We have this white hen, she was supposed to be pure white leghorn. My friend's DH got pecked by her white leghorn rooster so he shot the rooster. She collected and gave me ten eggs to put in the incubator since they should still have been fertile. Seven of them hatched, I kept two and gave the rest to her. Those two 'leghorns' were hens who would lay a nest full of eggs and then promptly sit on them. Since when do leggerns go broody? I mean, like NEVER! It turns out there was also a feral rooster hanging around my friend's hens so our hatched out little white hens are half feral rooster and half white leg horn. Hens lay according to the genes they get from their sire, so these 'white leghorns' lay like a feral chicken. A few eggs seasonally and then they promptly sit on them. Sigh! One hen hatched out a dozen eggs, I gave her and all her chicks to someone else to deal with. There's still one white hen left. Next time she went broody, I took away those feral eggs (there's roosters that wander through here occasionally) and gave her some Americana eggs ("Easter egger" blue ones) and she hatched out two.

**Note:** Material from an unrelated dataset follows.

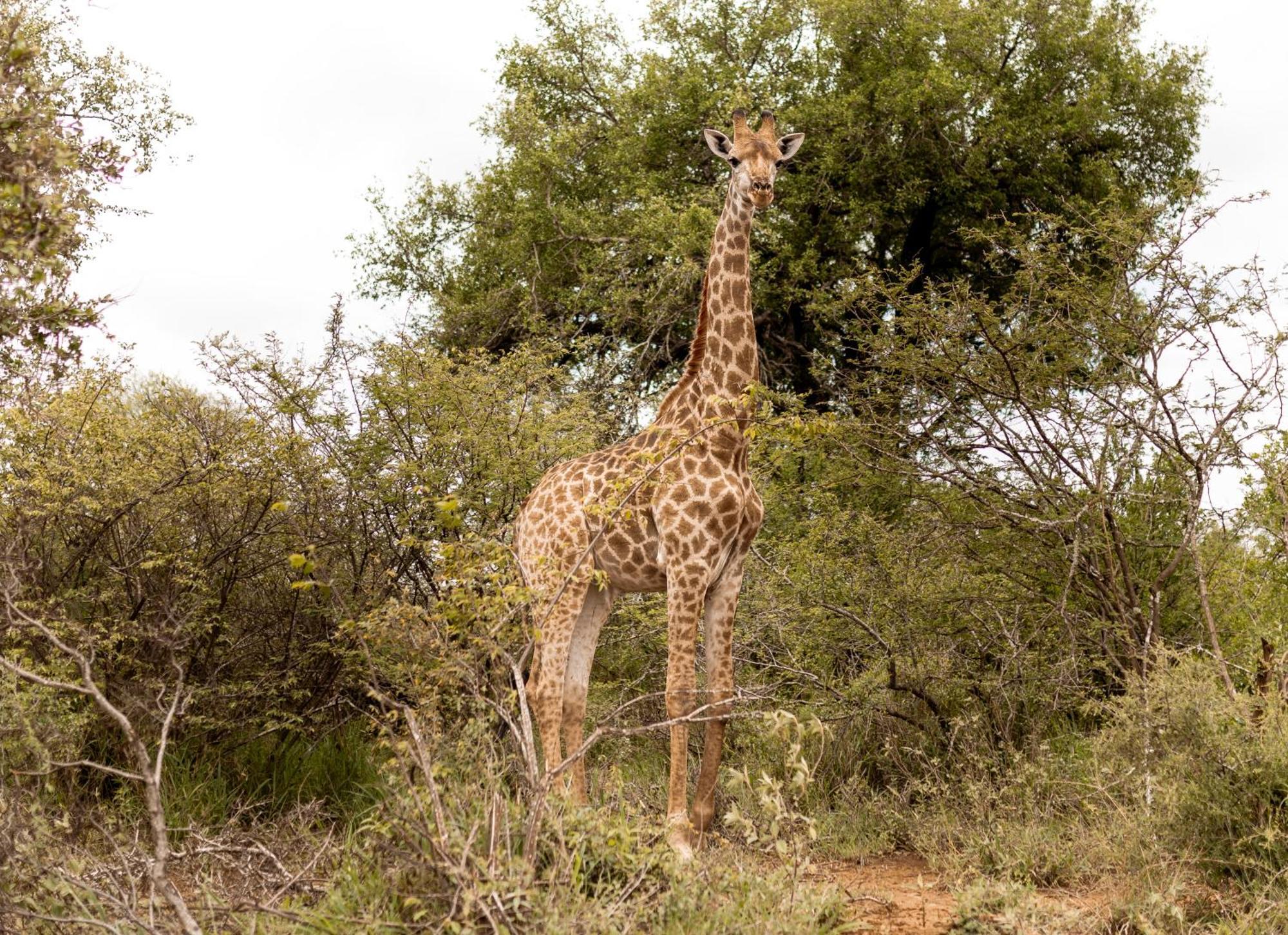 Little Kubu Lodge Hoedspruit Dış mekan fotoğraf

One was a silver and black rooster and one was - I thought - a red hen. The silver and black rooster disappeared when he was about half grown, haven't a clue where he went. Red Hen turned into Ricky Rooster when she/he was about six months old. Grew tail feathers and started crowing. Arrgh!

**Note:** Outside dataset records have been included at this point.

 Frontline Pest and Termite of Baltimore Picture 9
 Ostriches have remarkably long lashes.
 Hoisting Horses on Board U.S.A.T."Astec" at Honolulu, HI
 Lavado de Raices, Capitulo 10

So the two chickens here are now White Hen and Ricky Rooster. Ricky has been pretty mellow, but he did attack me once. I grabbed him, held him upside down and crowed at him. Then I proceeded to pet him and ruffle his feathers a lot. Held him for about ten minutes fussing with him all that time. Now he is much more wary of me and doesn't get aggressive at all. White hen, of course, will come eat out of my hand. Drives him nuts when she does and he's still too cautious to get close enough so she gets to pig out until I feel sorry for him and toss him some feed.

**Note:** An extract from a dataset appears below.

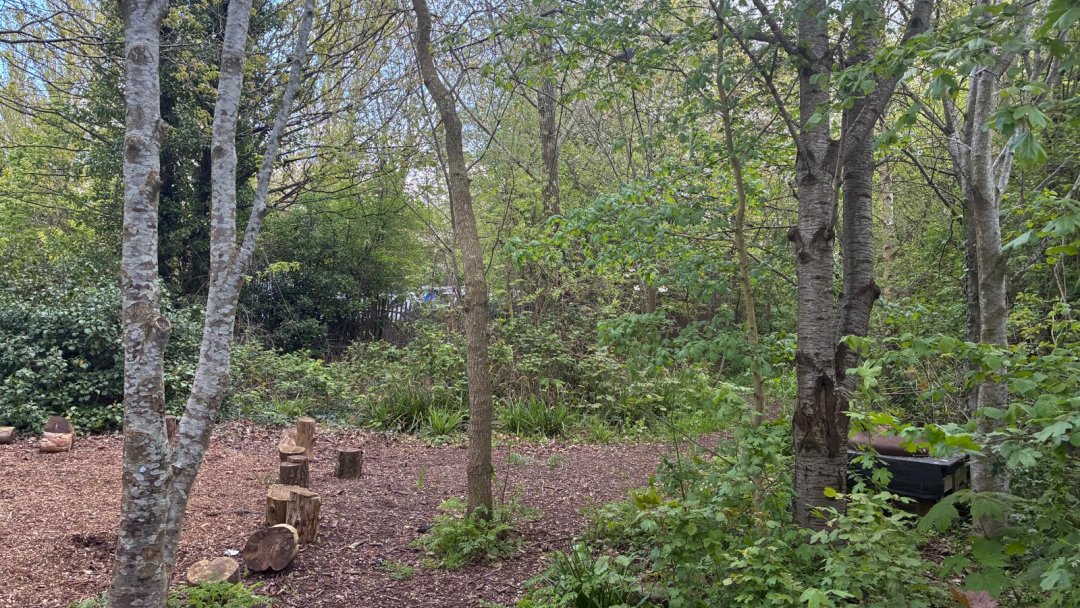 Woodland Learning & Wellbeing Space at Manor House Primary School in Cheshire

Since Ricky is a domestic breed of chicken, next time white hen sets, she will hatch out half aruacana/ one quarter white leg horn and one quarter feral chickens. Which hopefully will mean that the hens will lay a lot of blue eggs and not sit on them. We hope. But, she hasn't started a nest since Ricky has gotten old enough to be the sire.

We used to have a lot more chickens when we lived at a house more in the country. There were about a dozen in the back yard. We didn't really feed them much, just one scoop in the morning to get them to come down to the house and deliver eggs. There was a sliding window in the dining room so I put a bar from a closet under it along with a bit of rain gutter. There was a nest box off to the side for them to lay eggs in. It would be like a chicken aquarium with them all lined up on the other side of the glass waiting for someone to wake up and give them feed. I'd open the window, put a scoop of feed in the rain gutter and then get the eggs from the nest box. At night they'd all go put themselves away in their chicken house at the back of the property. We don't have any chicken eating varmints around here other than the neighbor's dogs so they could safely free range. A fence around the back yard was enough to keep them safe.

Chickens are pretty flexible as to their care and keeping and they're fun to watch. They do much more strange things than rabbits.